[Problem] Pictures stay out of the copy, and everything else in the data below is repeated exactly.

[Source material]
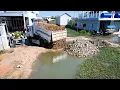 Download Lagu Project to add soil to control floodwaters uses a small water pump to push soil from a 5-ton truck.
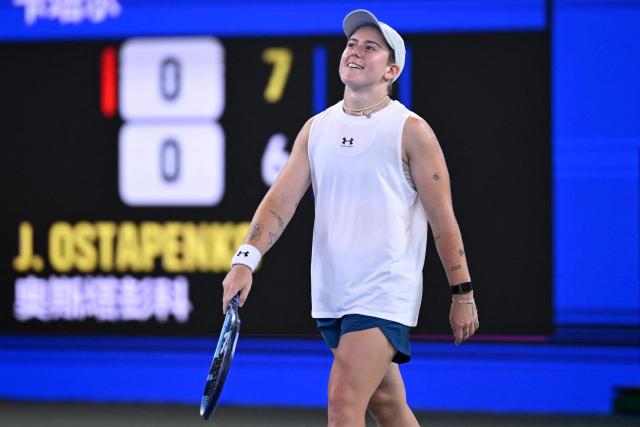 Britain's Sonay Kartal reacts after winning against Latvia's Jelena Ostapenko during their women's singles semi-final match at the Wuhan Open tennis tournament in Wuhan, China's Hubei province on October 17, 2026. (Photo by WANG Zhao / AFP)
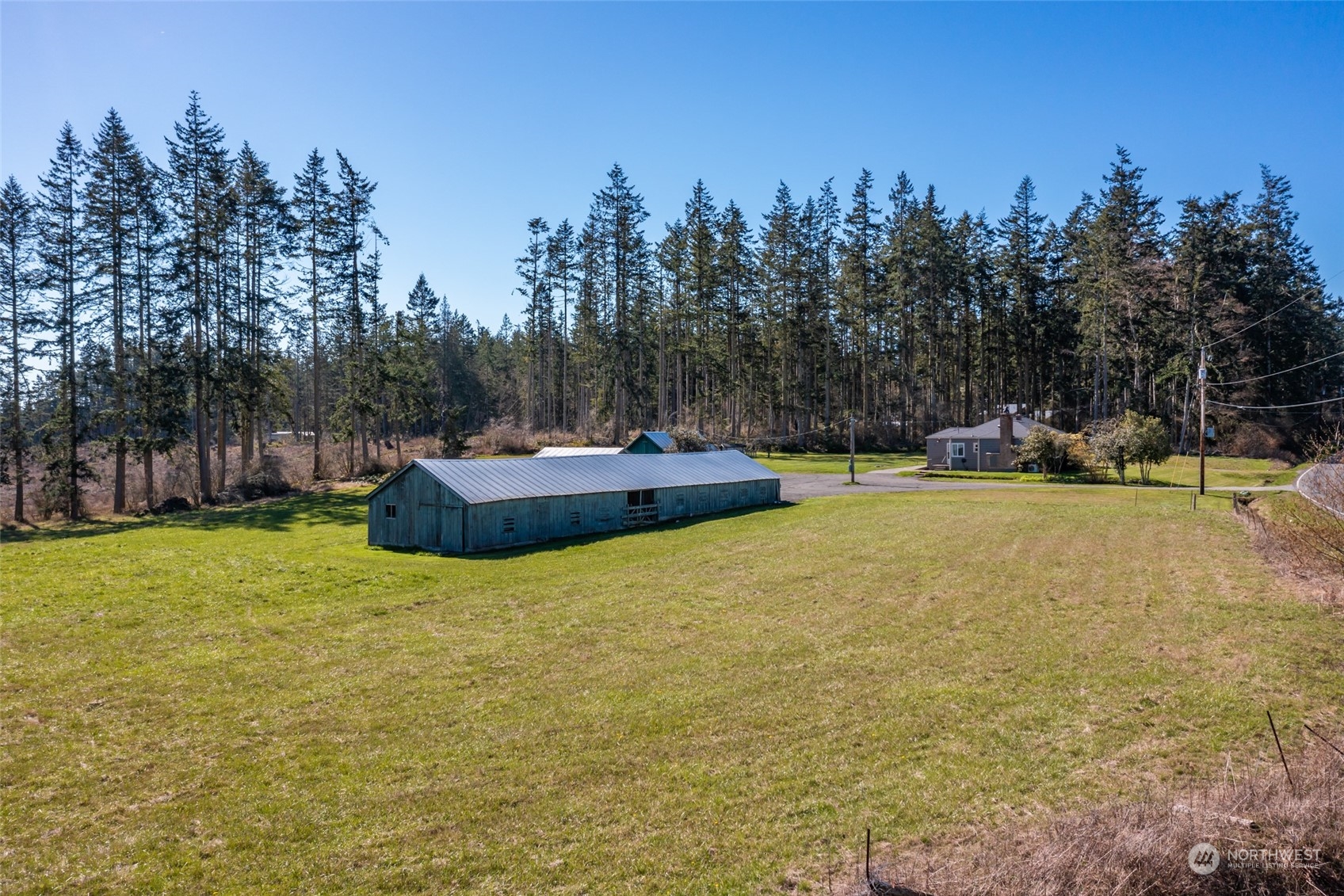 1932 Zylstra Road Oak Harbor, WA 98277 - Photo 26 of 40 a backyard of a house with a yard and outdoor seating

[Task response]
 Download Lagu Project to add soil to control floodwaters uses a small water pump to push soil from a 5-ton truck.
 Britain's Sonay Kartal reacts after winning against Latvia's Jelena Ostapenko during their women's singles semi-final match at the Wuhan Open tennis tournament in Wuhan, China's Hubei province on October 17, 2026. (Photo by WANG Zhao / AFP)
 1932 Zylstra Road Oak Harbor, WA 98277 - Photo 26 of 40 a backyard of a house with a yard and outdoor seating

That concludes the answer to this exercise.